Execution time of reads/writes for TVars during transactions slows down with the number of TVars used during the Transaction.

Summary

Reading a list of TVars takes O(n²) as for each read we traverse the linked list of all transaction entries.

Steps to reproduce

This programm showcases the issue:

{-# LANGUAGE NumericUnderscores #-}
{-# LANGUAGE ScopedTypeVariables #-}

module Main where

import Control.Concurrent (ThreadId, myThreadId, forkIO)
import Control.Concurrent.STM (STM, atomically, newTVar, readTVar, TVar)
import Data.IORef (IORef, modifyIORef', newIORef, readIORef)
import GHC.IO (unsafePerformIO)
import System.IO (hFlush, stdout)

import Data.Time.Clock

import Control.Concurrent.MVar
import Control.Monad

main = do

    let nums = [
                 10_000 :: Int
                ,50_000
                ,100_000
                ,200_000
                ,300_000
                ,400_000
                ]

    forM_ nums $ \tvar_count -> do
        print $ "Measuring: " ++ show tvar_count

        (tvars :: [TVar Int]) <- atomically $ mapM (newTVar) [1 .. tvar_count]

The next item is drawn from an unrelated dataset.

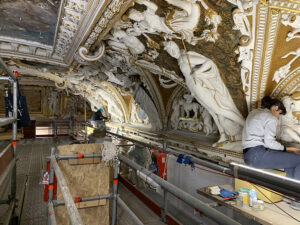 Scaffolding set up to ceiling height, with a person sitting on top of the scaffold, working on the ceiling. The ceiling has extremely ornate plasterwork on it, including sculptures of people and large swathes of gilding and other gold decoration.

        start_time <- getCurrentTime
        s <- atomically $ do
                values <- mapM readTVar tvars :: STM [Int]
                !s <- return $! sum values
                return $ s

        print $ "done, " ++ show s
        done_time <- getCurrentTime

        print $ done_time `diffUTCTime` start_time

Expected behavior

While some overhead might be expected, I would have expected the cost of using additional TVars in an transaction to be roughly linear.

The issue is that the STM transaction log for each transaction log is a linked list of all used TVars and their expected results.

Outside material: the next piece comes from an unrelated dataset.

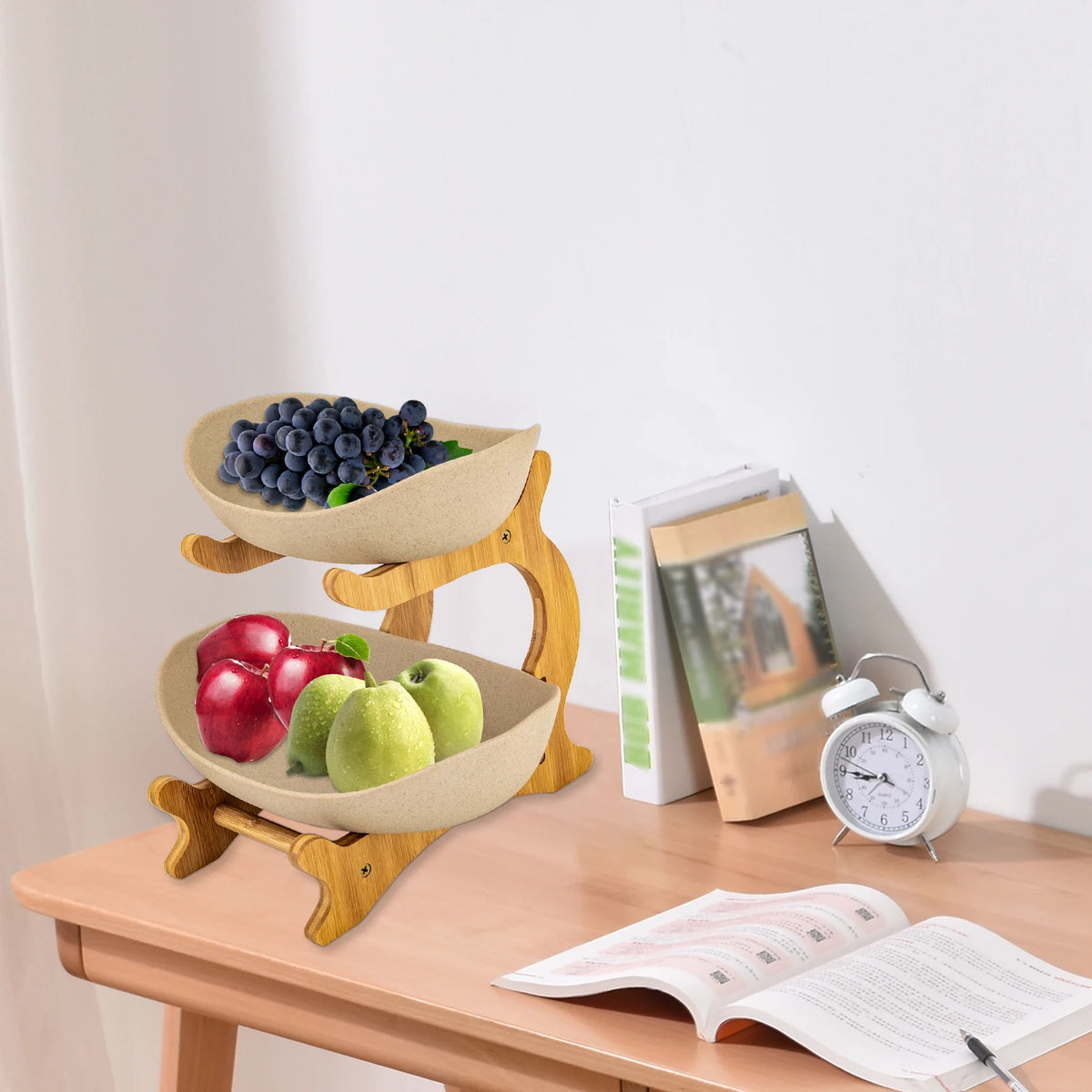 S And B Enterprise 2-tier fruit stand with wooden frame and beige bowls, filled with grapes, apples and pears.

When reading from a TVar we traverse the log to check if the value originates from an earlier write during the same transaction When writing we traverse the log to either update the cached value or to add a entry with the new value.

This isn't quite ideal and causes STM transactions to be far slower than neccessary when used with large numbers of TVars.

One potential solution would be to use a HashMap rather than a linked list. I believe this would be sound since we only need to know:

The last value written to a TVar during a transaction.
The expected value for each TVar at the end of the transaction.

Potential Improvements

Replace the linked list with a HashMap alltogether.

This would mean very fast lookups, but we would have to rebuild the HashMap during GCs.

Use a hashmap merely as a cache in addition to the linked list

This could be done by rebuilding it once it's first needed after GC, or adding TVars to it as they are used.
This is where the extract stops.